The thing that would be the important item to include is the exact make and models of the hardwares like the model Sony board and some other general information on the system itself. This will help in seeing what can be done with the existing system. Besides a larger power supply for the new board having need there, the additional info can help provide better advice.
 
Reapply some thermal paste to it (clean the old stuff off first), a P3 shouldn't get so hot that it needs a high powered fan or excessive cooling. A lot of people can get away with a heatsink and a ducted case fan.

If you are worried about it, put a fan somewhere where it can direct air over the CPU
 
It would also depend on the type of case if AT, flat top desk model, or a standard atx model as far as fitting the extra fan to cool the cpu. The best step at this time is to blow out all dust and dirt from the fans themselves to see if they are binding up from debris or they are worn. You would go through the entire case as well with an air cleaner(can of compressed air: low cost item at most retail stores-pc accessories).
 
Thanks for your advice, all of you. Ok PC eye, Ill put away the hammer and hacksaw and spend some cash to get some better stuff.

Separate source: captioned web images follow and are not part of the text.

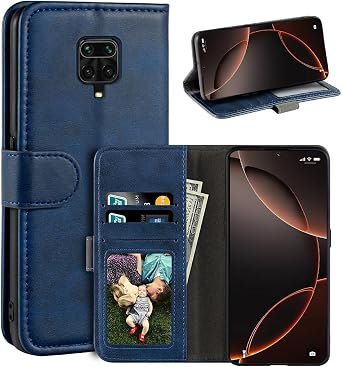 Leather Flip Case for Redmi Note 9S - Blue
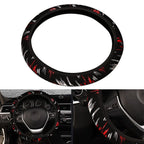 15" PU Leather Steering Wheel Cover for Car Accessories Black-Red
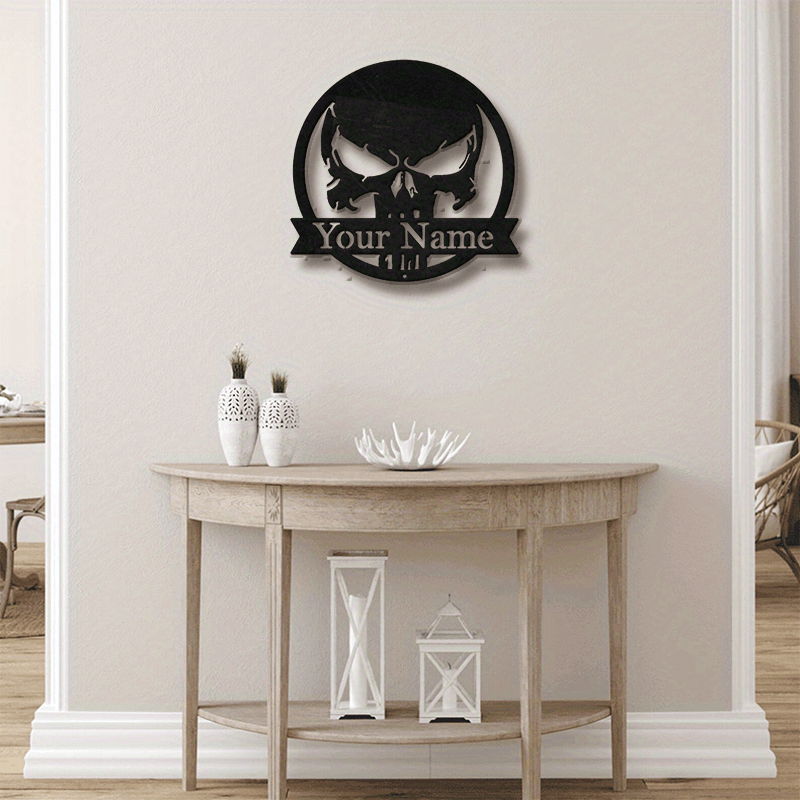 personalized skull metal wall sign custom name   no electricity needed wall hanging ideal for porch metal art for halloween   details 0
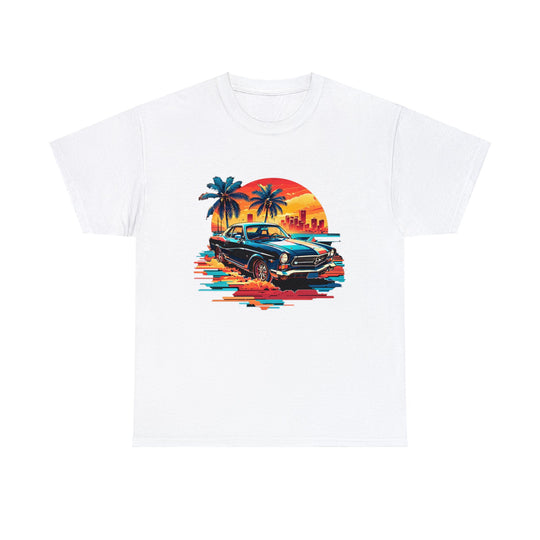 Classic Car Beach Sunset T-shirt   - Vintage City Fashion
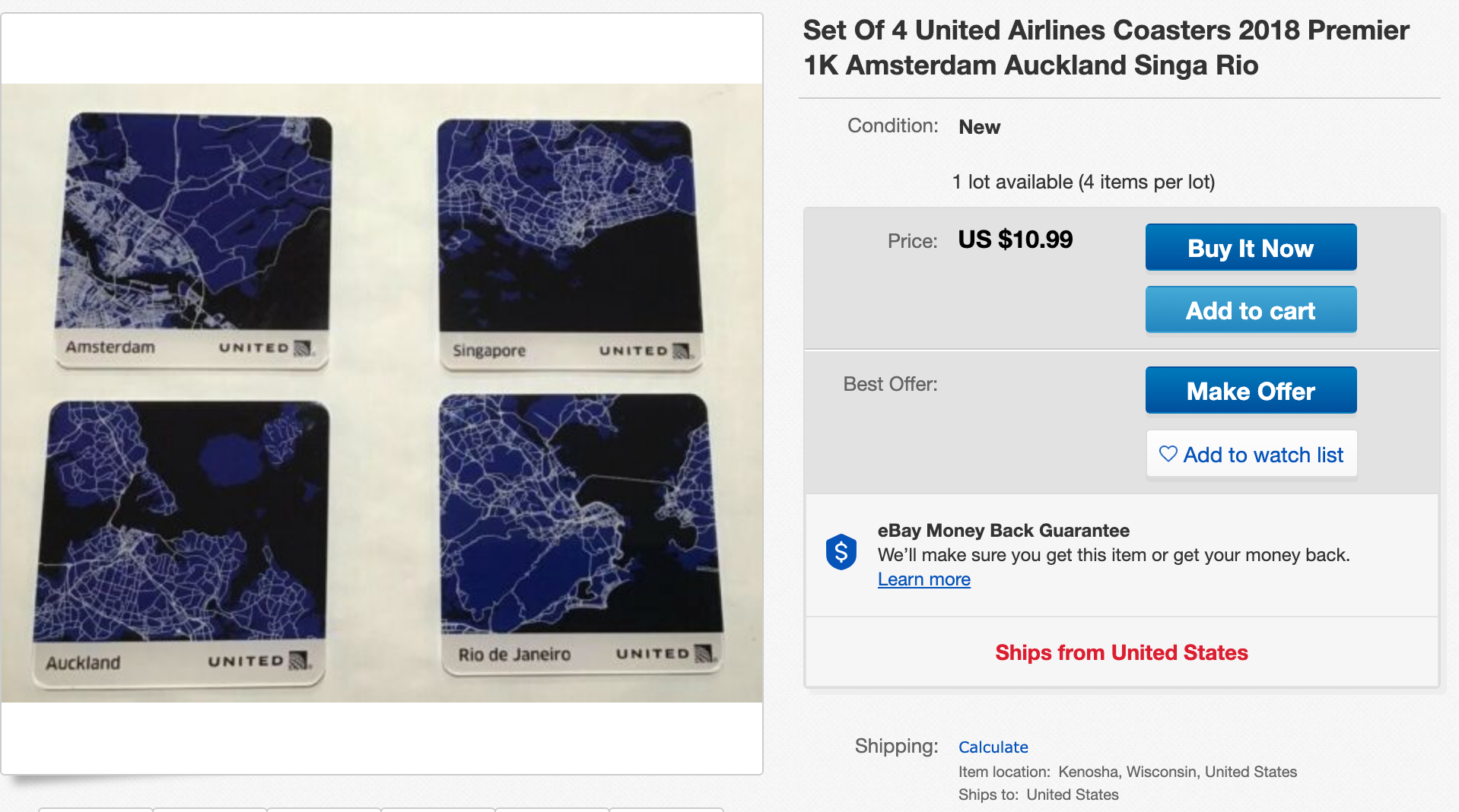 Some United 1K elites have taken to eBay to sell their surplus of coasters. (Image via eBay)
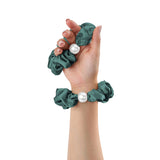 Load image into Gallery viewer, Blissy Pearl Scrunchies - Emerald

the case is a micro atx just like the motherboard

the old sony board is a slot 1 and wont run xp even with a bios update

the new one i salvaged came with the cpu installed, its a micro-atx pga socket 370 compaq
i dont know how to check the name
the case did not make it

ill spend the cash on some compound if i need it, but this is a low to no budget comp

as i said, there is no gloop on the cpu
it instead has an ultra-thin piece of shiny metal between the heatsink and the cpu

the problem is that the psu is sucking up and the cpu is pushing down, and they are right on top of each other
system boots fine but no os installed

just removed 16 lbs of crap from the fans and case, blew into all the vents, and made a big mess
the fans are spinning fine
 
Did you find any buried treasure in all that stuff you cleaned out of the case? The Windows 9X or Linux distros are what would work for an OS just to see it run. The first pullout cpus saw the metal heat strip instead of compound. The fan on the heat sink should be blowing away from not towards the cpu. That is done to draw heated air off of the sink itself. The fan in the supply is an intake fan to draw air through to either an exhaust fan or vents on the rear to keep temps down on the supply itself. Unless you reversed fan directions the air flow is in the right direction.
 
wow, thats a relief, and a new thing learned
i was actually wanting to get xp going on this guy
ive got 2 128 pc133s ready and a 5400rpm drive
theres lots of open power in the case
is this going to cause any problems?
 
On that system there a good match of 256mb simms should work well with the old stuff like 95 or 98 if not some of the older Linux versions where cpu power and large caches on video cards is an issue. Go to some place that still sells old dos games even or download some Linux stuff and you will get by with that. Forget the new things out though. XP won't without the needed updated drivers for the board itself like memory controllers, VMbus, USB 2.0, and a short list of other things. Even 98 would run slow with 512mb on it. But that would allow some more recent softwares a chance.
 
500r420 said:
hm, you think so?
what if i invested the $35 or so in two 256 chips?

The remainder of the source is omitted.